One hundred miles from the crown
Prince Charles won the group over and they continued on to Scotland. He and the 'Seven Men of Moidart,' (named after their landing in Scotland at Kinlochmoidart) were greeted by Highland chiefs and soon began their struggle to put Charles’s father on the throne as James III/VIII.
Despite the odds against him, his inexperience and young age, Charles and his Jacobite followers came within 100 miles of London in late 1745. Some historians believe he could have seized the crown with a final push, catching the English off-guard, their defenses scattered across Europe and the colonies.
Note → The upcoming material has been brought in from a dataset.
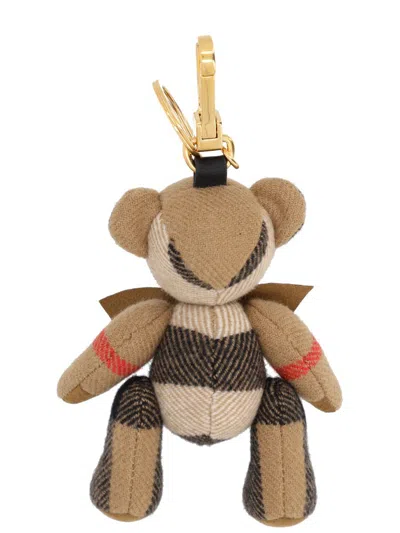 Burberry Thomas Bear Key Ring With Check Pattern In Multi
But it was not to be. Charles’s war council, older men with control over the Highland battalions that fought for him, voted not to proceed on London, but to return and hold Scotland. He reluctantly complied, and after some limited successes, the Jacobite cause, and the Stuart quest for the throne was permanently extinguished with the Battle of Culloden in April, 1746.
Charles escaped back to France, and died bitter and defeated at the age of 67 in Rome, the city of his birth. His brother, had become a cardinal, forsaking any chance of producing a legitimate Stuart heir.
The Prince was buried in Italy and his remains set in a crypt at St. Peter's Basillica in the Vatican, far from the island he coveted and where he is still best remembered.